#### [Dataset section]
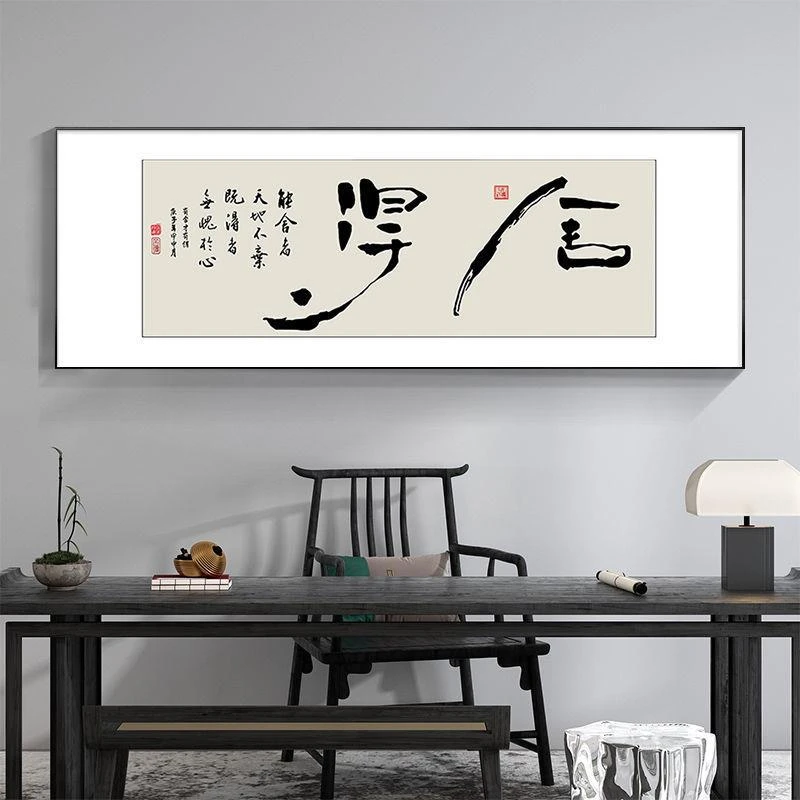 新中式书房装饰画客厅高档舍得书法字画老板办公室茶室背景墙挂画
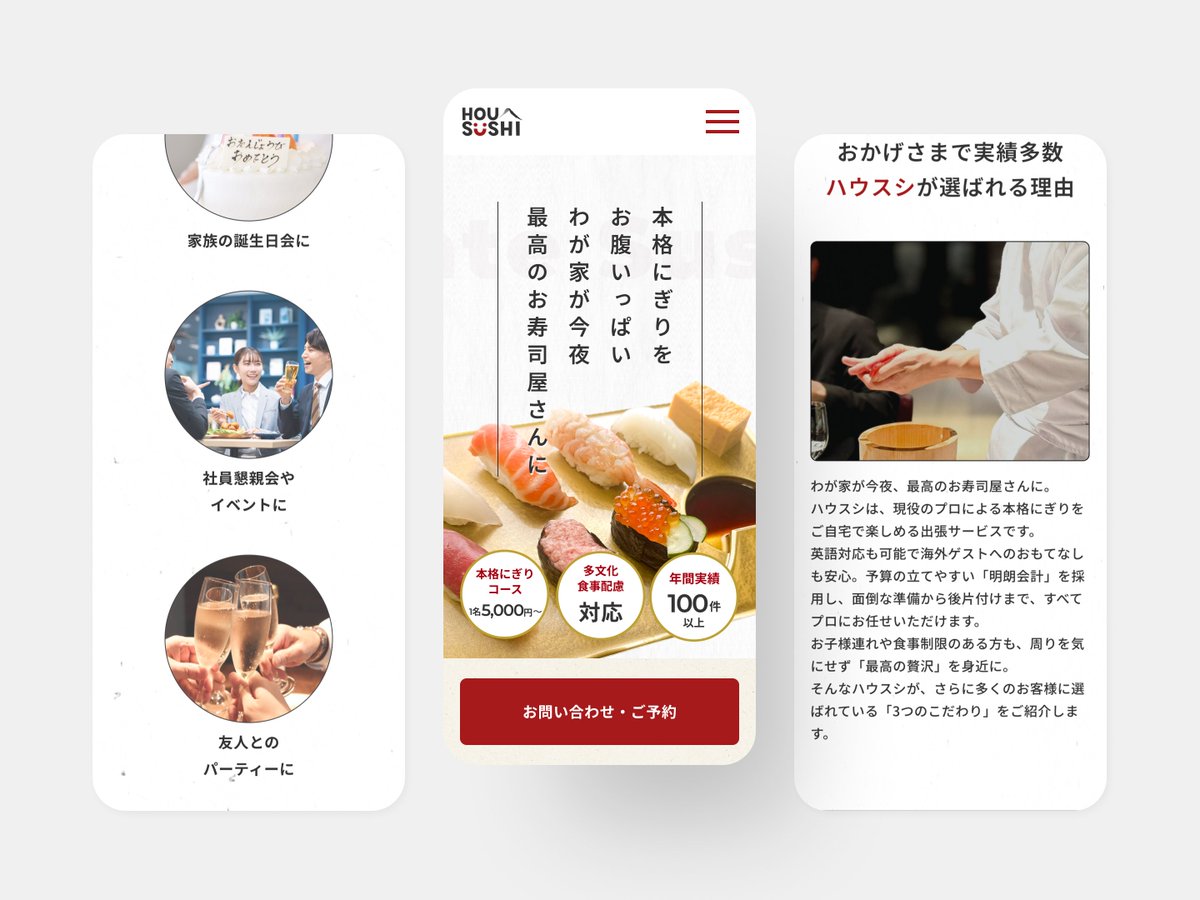 Image for the Tweet beginning: デザインコンペに参加させていただきます。
高級感のあるお寿司を、気軽に・楽しく呼びやすいイメージでデザインしました🎨
ポップさの中にも、上品さをそっと残しています。#デイトラ #デザインコンペ #出張寿司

#### [Exercise]
Drop the images and copy all the data exactly.

#### [Exercise solution]
 新中式书房装饰画客厅高档舍得书法字画老板办公室茶室背景墙挂画
 Image for the Tweet beginning: デザインコンペに参加させていただきます。
高級感のあるお寿司を、気軽に・楽しく呼びやすいイメージでデザインしました🎨
ポップさの中にも、上品さをそっと残しています。#デイトラ #デザインコンペ #出張寿司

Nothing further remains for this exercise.